TERRORIST by John Updike (Knopf), 320 pages, $32.95 cloth. Rating: N Rating: N
Terrorist, a novel with a disarm- ingly timely theme, starts out very badly. All-believing anti-hero Ahmad is approached by Joryleen, who comes on drenched in sex, and you immediately think, "Oh puh-lease, don't tell me that white old guy John Updike is going to claim that cock-teasers create terrorists?"
To be fair, Updike doesn't stay with that theme for long. Instead, he traces how 18-year-old Ahmad, the son of a mixed marriage who turned to Islam when he was 11, becomes more Muslim than everybody, except, of course, for the manipulative local imam.
Also on hand is Jewish guidance counsellor Jack Levy, alienated in his own way from his job and his wife, who has an affair with Ahmad's single mother, who's worried about what seems to be happening to her intelligent and thoughtful son. Of course, he never discusses this with her Updike's cheating husbands haven't suddenly become great communicators when it comes to relationships.
Updike suggests that it's because Ahmad's Muslim dad left the family when he was a tot that the boy feels compelled to overcompensate when it comes to staying faithful to Allah and turns to the imam as a father figure.

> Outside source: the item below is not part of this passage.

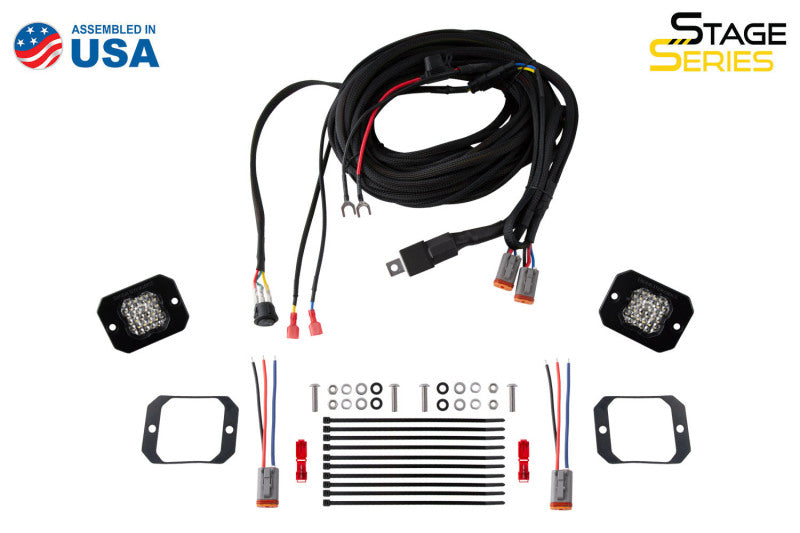 Diode Dynamics Stage Series Flush Mount Reverse Light Kit C1 Sport Diode Dynamics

Right, blame single mothers for homegrown terrorism.
And he presses the point that America, with its hyper-sexualized and values-challenged pop culture, is a breeding ground for extremist fundamentalists. But you just know he's guessing. In interviews, Updike describes driving around the mosques in working-class New Jersey as research, but there is nothing in this book to suggest that he did much else.
Updike can write which is not exactly news but superlative prose, even the last sublimely tension-filled section in which Jack and Ahmad talk inside the truck that's set to detonate as they drive through the Lincoln tunnel, can't save this piece of amateur psychology.